Außerdem engagiere ich mich seit drei Jahren im Prüfungsausschuss bei der IHK Köln. Das kommt insbesondere unseren Auszubildenden zu Gute, aber auch dem Unternehmen FOGTEC. So sind wir immer in der Lage, aktuellstes Fachwissen und neuste Entwicklungen zu vermitteln.

Wie gestaltet sich die Zusammenarbeit mit den Berufsschulen?

Die Zusammenarbeit mit den Berufsschulen ist für uns ein wichtiger Punkt. Hier pflege ich enge Kontakte zu den jeweiligen Klassenlehrerinnen und -lehrern. Dazu zählt der Austausch per E-Mail, aber auch die Teilnahme an den "Ausbildersprechtagen" in Köln. Wir haben u. a. einen engen Kontakt zum Alfred-Müller-Armack Berufskolleg in Köln, eine mittlerweile sehr gut ausgestattete Berufsschule, die sehr digital aufgestellt ist. Hier kommen beispielsweise auch VR-Brillen zum Einsatz.

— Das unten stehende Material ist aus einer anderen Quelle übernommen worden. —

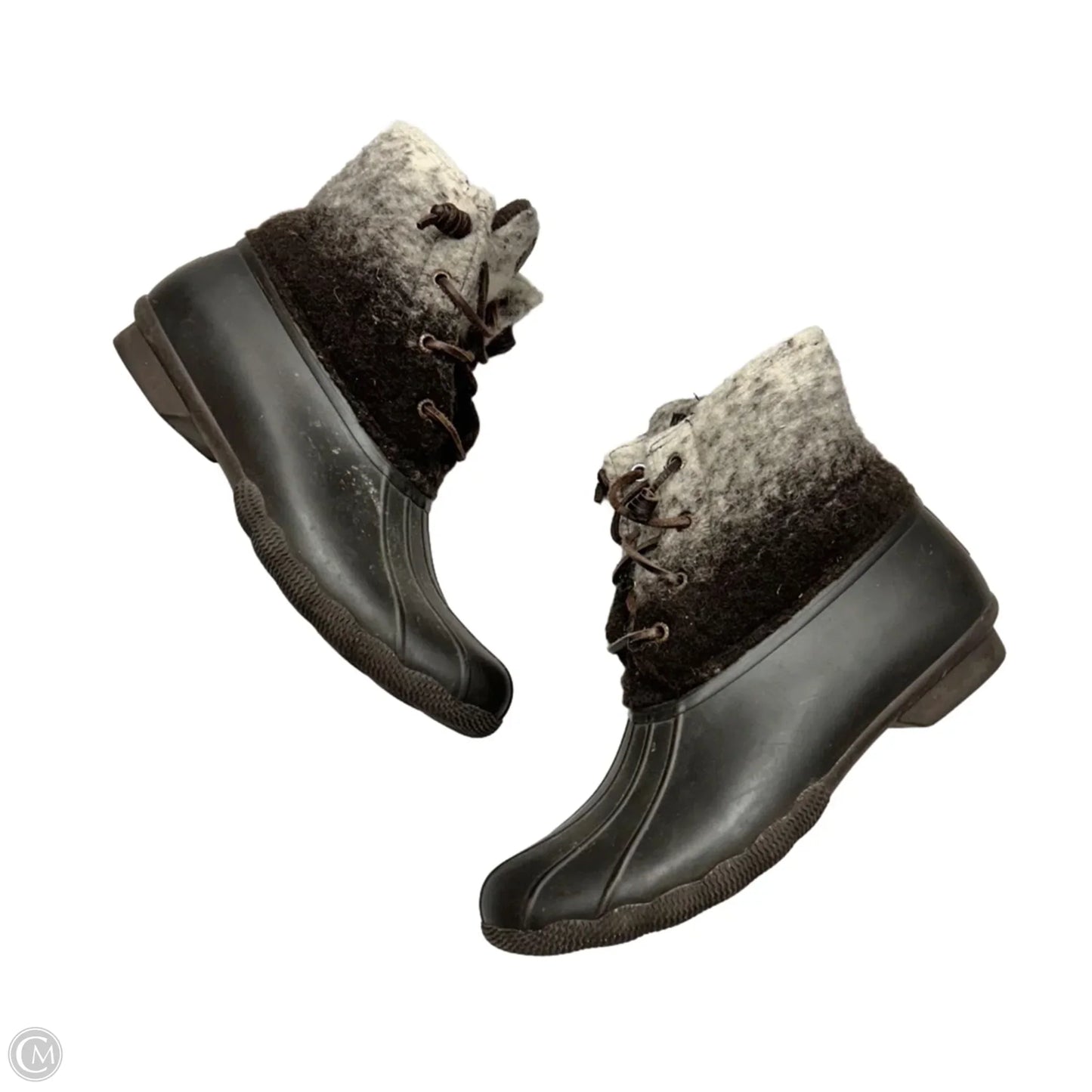 Boots Snow By Sperry In Brown & White, Size: 10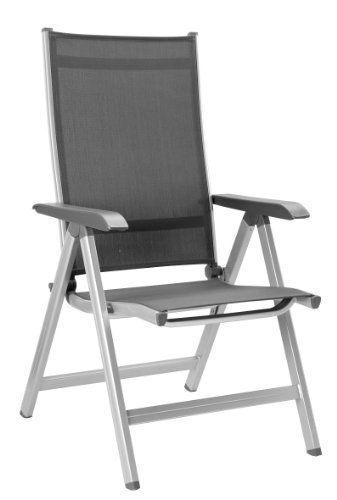 Kettler Basic Plus Klappsessel silber/anthrazit, Gestell silber, Textilene anthrazit Kettler Basic Plus Klappsessel silber/anthrazit, Gestell silber, Textilene anthrazit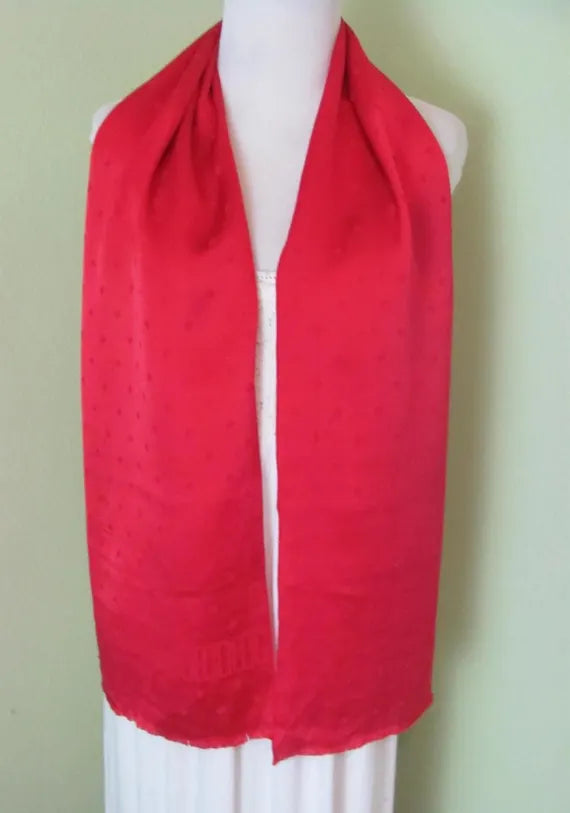 RED EX LONG 60" SCARF HQ185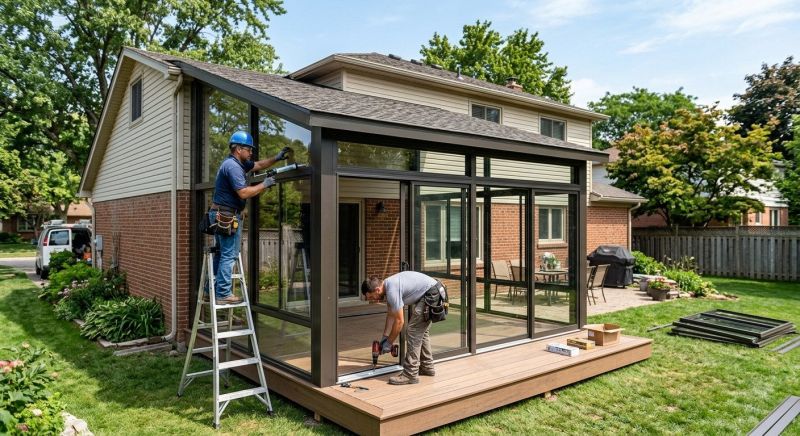 Three Season Room Construction in Dallas, TX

Kaufmännische Auszubildende haben bei FOGTEC am Ende ihrer Ausbildung die Möglichkeit, an Standorten im Ausland zu arbeiten.

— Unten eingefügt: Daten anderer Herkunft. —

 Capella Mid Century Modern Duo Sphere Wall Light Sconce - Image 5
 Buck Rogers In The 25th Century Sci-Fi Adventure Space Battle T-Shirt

Nach welchen Kriterien treffen Sie Entscheidungen bei der Auswahl von kaufmännischen Auszubildenden?

Zum einen achten wir bei den Bewerberinnen und Bewerbern natürlich auf die Zeugnisse und gute Noten, aber auch der persönliche Eindruck ist ganz wichtig. Auszubildende in den gewerblichen Berufen sollten möglichst gute Noten in Mathe und Physik mitbringen, da es unserer Erfahrung nach ansonsten zu Problemen im weiteren Ausbildungsverlauf kommen könnte. Aber besonders wichtig ist uns bei allen Ausbildungsberufen, dass es auch menschlich gut harmoniert und der oder die Auszubildende gut in das Team und unser Unternehmen hineinpasst.

Hier hat mich zuletzt eine Kandidatin mit der Frage beeindruckt, was für uns als Ausbilderinnen und Ausbilder gute Mitarbeiterführung ausmacht. Das hat mich sofort beeindruckt und ich wusste direkt, dass diese Bewerberin die richtige Kandidatin sein wird, weil uns eine gute Mitarbeiterführung genauso wichtig ist.

Wie sieht es in Hinblick auf Fachkräftesicherung bzw. Übernahme in ihrem Unternehmen nach der Ausbildung aus?

Wir bilden ausschließlich für unseren eigenen Bedarf aus und eine Übernahme ist bei uns vorgesehen. Wir sind also sehr daran interessiert unsere Auszubildenden zu übernehmen. Damit können wir dem akuten Fachkräftemangel entgegenwirken und unsere gut ausgebildeten Fachkräfte bei uns im Unternehmen sichern. Zum Reinschnuppern in unsere spannenden Projekte bieten wir vorab auch Praktika für Schülerinnen und Schüler an. 

Frau Naumann, vielen Dank für das interessante Gespräch!